St.Valentine Day 幼なじみのディスタンス
今日はバレンタインデー。
前から気になっていた吉永先輩に、手作りのガトーショコラを渡そうと思っている。
昼休みにひとりで先輩の教室の前まで来た。勇気を出してここまではきたんだけど、人の目も気になって足はもう帰ろうとしている。
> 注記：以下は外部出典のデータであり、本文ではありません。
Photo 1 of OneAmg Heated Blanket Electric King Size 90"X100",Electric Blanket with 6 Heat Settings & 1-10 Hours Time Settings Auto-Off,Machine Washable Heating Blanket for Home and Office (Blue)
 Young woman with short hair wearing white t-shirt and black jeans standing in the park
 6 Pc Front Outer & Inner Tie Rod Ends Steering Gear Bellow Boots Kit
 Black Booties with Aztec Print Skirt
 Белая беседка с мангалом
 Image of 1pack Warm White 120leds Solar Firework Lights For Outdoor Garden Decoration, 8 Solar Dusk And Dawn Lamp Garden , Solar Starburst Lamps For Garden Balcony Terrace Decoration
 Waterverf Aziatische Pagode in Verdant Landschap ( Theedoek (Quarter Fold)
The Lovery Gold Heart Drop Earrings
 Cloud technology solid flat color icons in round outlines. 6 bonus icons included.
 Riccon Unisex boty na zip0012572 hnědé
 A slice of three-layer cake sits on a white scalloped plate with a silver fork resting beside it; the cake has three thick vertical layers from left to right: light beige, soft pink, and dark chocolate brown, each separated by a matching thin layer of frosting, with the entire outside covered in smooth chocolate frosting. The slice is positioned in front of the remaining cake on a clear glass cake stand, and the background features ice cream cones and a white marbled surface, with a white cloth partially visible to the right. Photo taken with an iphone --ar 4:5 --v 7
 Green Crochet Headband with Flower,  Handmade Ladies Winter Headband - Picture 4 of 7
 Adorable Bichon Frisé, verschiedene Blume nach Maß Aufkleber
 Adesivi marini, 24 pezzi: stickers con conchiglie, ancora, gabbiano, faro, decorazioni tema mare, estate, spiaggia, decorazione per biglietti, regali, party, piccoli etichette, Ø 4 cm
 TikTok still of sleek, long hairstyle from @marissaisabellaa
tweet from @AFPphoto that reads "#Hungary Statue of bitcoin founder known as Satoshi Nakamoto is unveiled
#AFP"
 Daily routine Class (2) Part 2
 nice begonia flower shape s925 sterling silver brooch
扉の外からチラリと覗くと、友達と一緒に笑顔で話している先輩の姿が見える。
でも、どうしよう、呼ぶ勇気がない。早くしないとお昼休みが終わっちゃう。深呼吸をしながら教室の前をウロウロと歩く。
「なにしてんの?」
「?!」
突然背後から声をかけられて飛び上がる。
「な、なんだトモキか」
トモキは保育園の時からの幼馴染みだ。
「それ、渡したい?」
そう言って私が手に持つ紙袋に視線を向ける。
「あ、うん、まぁ……でもちょっと緊張しちゃって」
「ふうん。かわいいところあるんだな」
そう言ってトモキは微笑んだ。
今まで私には見せたことのない、他人行儀で少し大人びた表情だった。
ぎゅっ。え?! あれ?!
なんか変な感じ……胸の奥の方、ちょっとぎゅうっとなってる?
いつもなら、幼馴染みのノリで、なにバカにして、とか言い返して怒るとこ、なのに……。
「かわいいところあるんだな」
その言葉と表情にキュンとしちゃってる……私がいる。
なんで、嘘でしょう?
トモキが教室の扉をガラッと開けた。
扉の枠に手をかけて顔を突っ込む。
トモキの肩が私の目線にある。
中1のときは私の方が身長高かったのに、いつの間にこんなに伸びてるの。
「吉永先輩! ちょっとすみません!!」
トモキは先輩と同じ野球部で、私が先輩のことを好きなのも知っている。
トン、とトモキに背中を押された。
先輩にチョコを渡して、何を話したかは全然覚えてない。
それよりも、あの日から、トモキの言葉と表情が私の頭の中でしつこくループしていて困る。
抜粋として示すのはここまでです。